#### Directions
Every line of the listing below should be written out exactly, minus its images.

#### Provided material
⁂

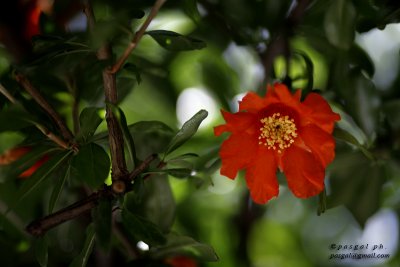 foresta di colori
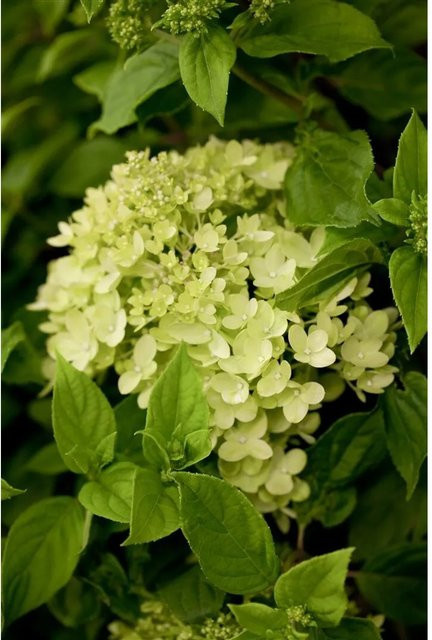 Hydrangea Paniculata Rispenhortensie Little Lime pflegeleichte Pflanze für Sommer und Herbst 40-60 cm - Bild 1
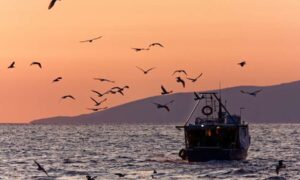 Marsopas y frailecillos impactados por arrastreros de fondo según…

⁂

#### Solution
 foresta di colori
 Hydrangea Paniculata Rispenhortensie Little Lime pflegeleichte Pflanze für Sommer und Herbst 40-60 cm - Bild 1
 Marsopas y frailecillos impactados por arrastreros de fondo según…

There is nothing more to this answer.